# Photos of new AE Everett penny loafer...



## Doctor Damage (Feb 18, 2005)

Finally some good photos of the new AE Everett penny loafer (source onlineshoes.com). I saw these in real life recently and they look really good. Personally, I'm glad AE has finally stopped doing that stupid puckered side stitching to fasten down the flat straps, and I'm also glad this model has stitching around the flat strap that resembles the Weejun. The profile of the rear counter also doesn't seem to have the extreme curve that made the Hanover fit my achilles so badly. Overall, this shoe looks a lot like the J&M Ski Mocc, but is presumably of better quality given AE's reputation.

https://img20.imageshack.us/my.php?image=everettbrownk.jpg


----------



## closerlook (Sep 3, 2008)

is this _replacing_ the walden?


----------



## Patrick06790 (Apr 10, 2005)

No. No more loafers. I have enough to loaf for decades, and I don't need any encouragement.


----------



## closerlook (Sep 3, 2008)

i don't know Patrick, the Everett does have some strong points.


----------



## Quay (Mar 29, 2008)

A very nice looking shoe to my eye, especially the stacked heel details. Nice looking leather as well. (Actually I'm easy, as I'm pretty happy to see anyone making a weejun-like shoe that is not in UltraShine Brush-off FauxCordoRouge.)


----------



## Hayek (Jun 20, 2006)

I like it. Looks like a more casual alternative to my burgundy Waldens.


----------



## Doctor Damage (Feb 18, 2005)

Hayek said:


> I like it. Looks like a more casual alternative to my burgundy Waldens.


I think that's probably the best way to view this shoe. That's definitely the impression I got when I saw it in a store a couple of weeks ago. The leather is softer and more matte than the Walden's shinier leather, and the kick stiching on the rear counter makes it more casual than the Walden. But the Walden has been around since _before_ 2005 (that's the earliest AE catalogue I have) so I suspect it will continue in parallel with the new Everett, unless of course everyone stops buying Waldens and buys Everetts instead. I think I might have a go at these, once I get past my current fascination with bit loafers.

BTW, good attempt on the upsell, Closerlook. I can't give you any points, though, since Patrick is an easy mark when it comes to new shoes!


----------



## closerlook (Sep 3, 2008)

Doctor Damage said:


> I think that's probably the best way to view this shoe. That's definitely the impression I got when I saw it in a store a couple of weeks ago. The leather is softer and more matte than the Walden's shinier leather, and the kick stiching on the rear counter makes it more casual than the Walden. But the Walden has been around since _before_ 2005 (that's the earliest AE catalogue I have) so I suspect it will continue in parallel with the new Everett, unless of course everyone stops buying Waldens and buys Everetts instead. I think I might have a go at these, once I get past my current fascination with bit loafers.
> 
> BTW, good attempt on the upsell, Closerlook. I can't give you any points, though, since Patrick is an easy mark when it comes to new shoes!

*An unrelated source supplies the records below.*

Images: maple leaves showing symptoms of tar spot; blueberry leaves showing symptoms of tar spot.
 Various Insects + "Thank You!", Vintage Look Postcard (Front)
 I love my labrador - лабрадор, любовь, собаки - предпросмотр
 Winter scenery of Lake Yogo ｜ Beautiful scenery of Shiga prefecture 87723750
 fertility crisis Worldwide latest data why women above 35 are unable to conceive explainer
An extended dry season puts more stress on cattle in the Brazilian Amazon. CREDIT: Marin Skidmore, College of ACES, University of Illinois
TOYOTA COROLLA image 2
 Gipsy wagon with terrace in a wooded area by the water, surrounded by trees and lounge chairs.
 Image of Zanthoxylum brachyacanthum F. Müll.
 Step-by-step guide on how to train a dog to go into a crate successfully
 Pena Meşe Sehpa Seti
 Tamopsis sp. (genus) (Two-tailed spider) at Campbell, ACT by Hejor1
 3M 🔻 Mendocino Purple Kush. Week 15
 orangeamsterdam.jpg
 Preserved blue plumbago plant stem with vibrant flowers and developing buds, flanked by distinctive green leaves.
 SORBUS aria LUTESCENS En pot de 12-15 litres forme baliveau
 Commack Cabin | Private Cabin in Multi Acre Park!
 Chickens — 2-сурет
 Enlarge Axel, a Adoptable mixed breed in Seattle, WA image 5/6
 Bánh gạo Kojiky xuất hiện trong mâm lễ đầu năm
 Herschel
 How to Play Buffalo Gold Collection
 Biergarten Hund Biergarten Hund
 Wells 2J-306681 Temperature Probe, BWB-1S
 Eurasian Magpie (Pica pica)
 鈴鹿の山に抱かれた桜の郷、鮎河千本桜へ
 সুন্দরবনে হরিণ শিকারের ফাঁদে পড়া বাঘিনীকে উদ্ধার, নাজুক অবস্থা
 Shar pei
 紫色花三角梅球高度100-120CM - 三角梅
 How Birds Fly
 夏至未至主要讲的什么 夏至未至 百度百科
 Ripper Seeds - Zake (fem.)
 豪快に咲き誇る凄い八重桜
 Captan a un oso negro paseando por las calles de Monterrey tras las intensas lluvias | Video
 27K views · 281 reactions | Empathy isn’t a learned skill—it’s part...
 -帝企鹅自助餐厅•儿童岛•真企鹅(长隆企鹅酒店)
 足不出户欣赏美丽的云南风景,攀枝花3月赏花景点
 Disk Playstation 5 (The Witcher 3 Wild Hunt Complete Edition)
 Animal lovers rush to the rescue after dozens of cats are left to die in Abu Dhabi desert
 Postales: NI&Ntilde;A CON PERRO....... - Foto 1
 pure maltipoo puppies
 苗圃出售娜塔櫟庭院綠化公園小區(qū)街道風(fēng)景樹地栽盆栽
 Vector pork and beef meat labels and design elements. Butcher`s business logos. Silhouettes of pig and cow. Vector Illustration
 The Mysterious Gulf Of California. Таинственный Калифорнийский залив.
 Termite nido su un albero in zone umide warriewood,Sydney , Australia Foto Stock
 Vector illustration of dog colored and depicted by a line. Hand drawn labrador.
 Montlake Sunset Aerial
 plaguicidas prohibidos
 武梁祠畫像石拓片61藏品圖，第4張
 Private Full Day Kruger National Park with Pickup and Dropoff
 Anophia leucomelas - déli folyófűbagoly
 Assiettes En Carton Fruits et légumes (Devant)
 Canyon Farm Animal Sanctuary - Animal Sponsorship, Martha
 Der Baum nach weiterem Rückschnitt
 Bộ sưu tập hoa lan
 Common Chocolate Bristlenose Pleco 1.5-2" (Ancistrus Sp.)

well, if i trust any opinions on loafers, they'd probably come from him or you.


----------



## closerlook (Sep 3, 2008)

here's one thing though
how do we feel about the stitching around the sole not extending the full length?


----------



## AldenPyle (Oct 8, 2006)

Thats a nice looking shoe.


----------



## Timeless Fashion (Apr 12, 2009)

Nice shoes. Thanks for sharing the photos.


----------



## billacorn (Nov 22, 2008)

Thursday I received a pair of Everetts and have one on the desk beside me. The pictures above show a much more textured finish than mine have. I would describe mine as a smooth satin finish. And mine are slightly darker than the above pictures display on my screen. But color in many things seems very hard for us to capture in pictures we share over the internet. Maybe that is due to the difference in original lighting, reduction in file size, and color display limitations of most of our monitors. I'm not an expert in any of these fields so don't know. I am not yet set up to post pictures--need to work on that.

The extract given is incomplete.